Items from a dataset
**********

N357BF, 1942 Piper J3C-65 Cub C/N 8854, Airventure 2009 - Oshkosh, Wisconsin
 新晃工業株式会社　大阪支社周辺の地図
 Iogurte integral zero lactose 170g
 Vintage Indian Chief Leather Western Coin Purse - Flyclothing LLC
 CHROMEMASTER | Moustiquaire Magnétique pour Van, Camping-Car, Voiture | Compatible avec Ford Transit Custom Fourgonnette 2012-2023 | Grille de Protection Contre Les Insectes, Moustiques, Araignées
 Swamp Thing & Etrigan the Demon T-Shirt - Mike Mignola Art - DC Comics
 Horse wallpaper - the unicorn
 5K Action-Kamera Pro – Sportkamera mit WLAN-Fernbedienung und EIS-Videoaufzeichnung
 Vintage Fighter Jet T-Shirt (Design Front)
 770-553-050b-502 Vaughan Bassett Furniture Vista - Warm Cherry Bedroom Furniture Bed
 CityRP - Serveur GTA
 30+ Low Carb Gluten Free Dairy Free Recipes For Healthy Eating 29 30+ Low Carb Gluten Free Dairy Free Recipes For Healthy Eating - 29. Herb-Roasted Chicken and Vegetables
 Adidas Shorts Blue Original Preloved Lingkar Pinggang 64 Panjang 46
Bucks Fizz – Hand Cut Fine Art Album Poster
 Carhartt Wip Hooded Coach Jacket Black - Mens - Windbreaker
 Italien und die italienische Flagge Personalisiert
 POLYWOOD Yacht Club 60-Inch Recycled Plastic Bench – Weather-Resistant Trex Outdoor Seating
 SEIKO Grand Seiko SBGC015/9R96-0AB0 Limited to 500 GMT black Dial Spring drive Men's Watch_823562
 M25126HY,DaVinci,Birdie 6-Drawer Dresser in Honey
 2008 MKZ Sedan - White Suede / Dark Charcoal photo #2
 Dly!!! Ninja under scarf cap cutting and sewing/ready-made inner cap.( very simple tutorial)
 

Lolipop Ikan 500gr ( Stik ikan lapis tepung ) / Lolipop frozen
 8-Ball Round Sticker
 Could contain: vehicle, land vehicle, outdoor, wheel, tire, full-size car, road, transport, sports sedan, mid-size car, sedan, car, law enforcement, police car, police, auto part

**********

- _Task goal_: All of the entries above are to be written out again exactly.

- _Result_:
N357BF, 1942 Piper J3C-65 Cub C/N 8854, Airventure 2009 - Oshkosh, Wisconsin
 新晃工業株式会社　大阪支社周辺の地図
 Iogurte integral zero lactose 170g
 Vintage Indian Chief Leather Western Coin Purse - Flyclothing LLC
 CHROMEMASTER | Moustiquaire Magnétique pour Van, Camping-Car, Voiture | Compatible avec Ford Transit Custom Fourgonnette 2012-2023 | Grille de Protection Contre Les Insectes, Moustiques, Araignées
 Swamp Thing & Etrigan the Demon T-Shirt - Mike Mignola Art - DC Comics
 Horse wallpaper - the unicorn
 5K Action-Kamera Pro – Sportkamera mit WLAN-Fernbedienung und EIS-Videoaufzeichnung
 Vintage Fighter Jet T-Shirt (Design Front)
 770-553-050b-502 Vaughan Bassett Furniture Vista - Warm Cherry Bedroom Furniture Bed
 CityRP - Serveur GTA
 30+ Low Carb Gluten Free Dairy Free Recipes For Healthy Eating 29 30+ Low Carb Gluten Free Dairy Free Recipes For Healthy Eating - 29. Herb-Roasted Chicken and Vegetables
 Adidas Shorts Blue Original Preloved Lingkar Pinggang 64 Panjang 46
Bucks Fizz – Hand Cut Fine Art Album Poster
 Carhartt Wip Hooded Coach Jacket Black - Mens - Windbreaker
 Italien und die italienische Flagge Personalisiert
 POLYWOOD Yacht Club 60-Inch Recycled Plastic Bench – Weather-Resistant Trex Outdoor Seating
 SEIKO Grand Seiko SBGC015/9R96-0AB0 Limited to 500 GMT black Dial Spring drive Men's Watch_823562
 M25126HY,DaVinci,Birdie 6-Drawer Dresser in Honey
 2008 MKZ Sedan - White Suede / Dark Charcoal photo #2
 Dly!!! Ninja under scarf cap cutting and sewing/ready-made inner cap.( very simple tutorial)
 

Lolipop Ikan 500gr ( Stik ikan lapis tepung ) / Lolipop frozen
 8-Ball Round Sticker
 Could contain: vehicle, land vehicle, outdoor, wheel, tire, full-size car, road, transport, sports sedan, mid-size car, sedan, car, law enforcement, police car, police, auto part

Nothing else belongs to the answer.